None.
The present invention relates generally to the field of video and audio engineering, and in particular, to systems and methods for manipulating pre-recorded and live video and audio content that is broadcasted or streamed with commercial advertisements (“ads”).
Conventional advertisement-supported broadcast television or radio and over-the-top (OTT) programming delivered to viewers, whether live or prerecorded, include commercial ads that are inserted into breaks that occur regularly during the progress of the viewed programs. The ads that are placed into ad breaks of TV/video programming are often 1-5 minutes in length and are often, but not always, preceded with a singular black frame serving as an ad break marker.
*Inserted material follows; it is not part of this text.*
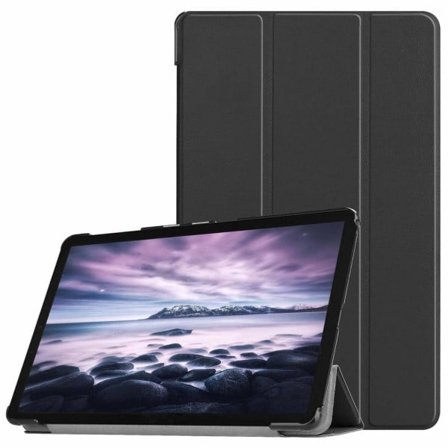 Etui for Samsung Galaxy Tab A 10.5 2018, etui for SM T590/T595 [kk]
Ads are typically created and stored separately from the programs they are added to. Conventionally, at selected times during a broadcast, the ads are spliced into the video feed so as to deliver them to viewers during program breaks. This provides flexibility for changing the ads to be played during a program. Some commercials are inserted at the broadcast origination point by the TV network or other content provider. Other ads may be inserted further downstream by the program service distributor, such as the cable or OTT operator using ad break markers coded into the video as indicators for when the programming breaks and restarts. This is very desirable because the sale and insertion of local and regional advertisements have become a huge source of revenue for the suppliers of ad-sponsored programming to their subscribers/customers.
In this latter model, different ads directed to localized audiences may be inserted into a program that is broadcast over a much wider geographical area. It is thus understood that “targeted ads” can provide great value for advertisers and thus enhanced revenue generating opportunities for the distributors, operators and other providers. Also, during a rebroadcast of a program, ad break markers enable new ads to replace original ads that were burned into the video when the program was originally broadcast. Thus, an important aspect of program delivery is program splicing and, more particularly, ad insertion. Similar arrangements are employed with audio-only streams.
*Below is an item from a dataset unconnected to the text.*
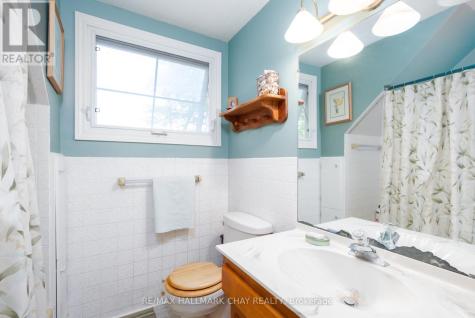 929 Yonge Street Barrie ON L9J 0E9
When live broadcasts are recorded, the ads are recorded as well. This creates a scenario with ads that are “burnt-in” with the original video or audio stream content. If ad break markers are not already encoded in the stream during recording, it is time consuming to effectively and reliably identify these ad break starts and ends for future playback in order to differentiate between entertainment and ad content segments. Nonetheless, it is understandably desirable to be able to replace the pre-recorded ads that are burnt in with dynamically generated ads that can be targeted to the viewing audience, thus enhancing the revenue-generating opportunities.
Various solutions for discriminating between programming and ads—“ad detection”—in “content streams” that have not been pre-encoded with commercial ad break markers have been proposed to address this problem. By “content streams” the inventors of the present invention mean any of audio, video or audio/video media files or live audio, video or audio/video media streams that are broadcast or streamed and that comprise programming content, and typically also include advertising content. One conventional, but crude and inefficient, solution is the manual method: a person simply watches (or listens to) the recorded programming on an editing desk and manually adds “ad start” and “ad end” markers to the content stream file. Obviously, this solution is only applicable for recorded shows and is painfully slow and costly. Others have attempted to automate this process by analyzing the video or audio signals of recorded content. One automated solution, for example, attempts to employ the detection of low audio signals as an indicator of a break, transitioning from a program segment end to an ad, or from the end of an ad to the restart of the programming. See for example the solution proposed by U.S. Pat. No. 8,654,255 to Hua, et al. While this single metric “binary” technique (i.e., “Is scene x an ad transition or not?”) may work for some program-to-ad transitions, unfortunately it is subject to high degree of false positives, when, for example, the content itself, whether in the midst of the program segment or the ads, has low audio signals that are similar to the low audio signal threshold set by the system as transition indicators.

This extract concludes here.